Powerline Bushfire Risk Can Be Cut, Says Vegetation Mapping Expert
The risk of powerlines sparking major bushfires can be significantly reduced with cutting-edge mapping technology, according to a visiting international expert. Chris Kelly – founder of US vegetation management software company Clearion – has been invited to Australia to advise utilities on how Geographic Information System (GIS) technology can help mitigate a chief cause of Australian bushfires.
His visit comes amidst growing scrutiny on bushfire risks posed by powerline failures, with details emerging they were the likely cause of last month’s Perth Hills crisis, which destroyed more than 50 homes.
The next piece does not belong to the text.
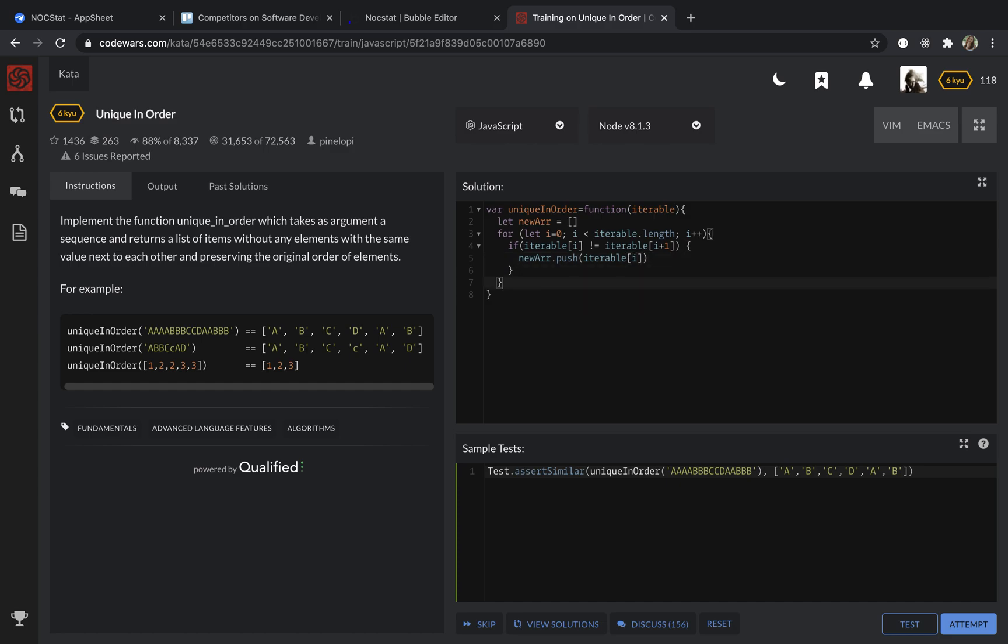And then I'm going to just return my new array. So let's test it.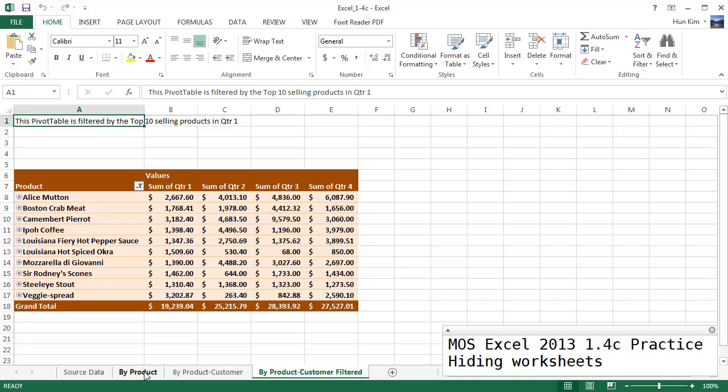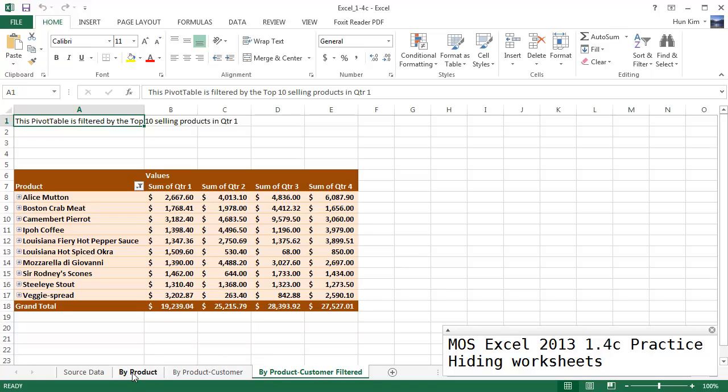So holding shift highlights from beginning to end, whereas holding control and clicking left mouse button actually selects just the ones we want. If I press control left click again it deselects it. If I control click it, you can see the by product and the by product customer filtered, the second and fourth worksheets are selected.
GIS technology is already used to manage vegetation by some of North America’s biggest utilities – and Mr Kelly is working in close partnership with Australian GIS leader Esri Australia to bring the new approach to local utilities.
Mr Kelly said some of the measures currently being mooted to address the issue of wayward vegetation – such as disconnecting power supply during a fire – amounted to ‘tinkering around the edges’.
“Completely cutting power to communities at the risk of bushfires brings its own dangers, and other measures such as large scale vegetation cutbacks and the widespread insulation of powerlines are not affordable.
“What is needed is an end-to-end approach to vegetation management, which is what GIS technology can provide.
“The technology enables utilities to overlay assets and environmental maps with information about inspections, maintenance history, weather patterns and vegetation characteristics.
“This allows utilities to develop a risk profile of their networks and focus their vegetation control on the areas that are in the greatest danger of bushfires.”
Esri Australia GIS in Utilities expert Harry Kestin said the technology delivers an interactive, digital dashboard which provides greater levels of insight and situational awareness.
“For example, while a current vegetation management cycle might dictate trees near powerlines in a certain area should be cut back every three years, other uncontrollable external factors may come into play, such as drought or flood,” Mr Kestin said.
“GIS technology enables utilities to analyse these scenarios and delay or bring forward the cycle, which results in a safer environment, reduces over or under-servicing and delivers more efficient resource use.”
Mr Kestin said the system could also be accessed by mobile devices, which strengthened the communication chain between vegetation management strategists and workers in the field.
“Because everyone is connected to a centralised system, they are working from the same playbook,” Mr Kestin.
“This strengthens the system’s integrity, removing the chance of information being lost between the field and office or vice versa, and ensuring the work is being done in the right locations.”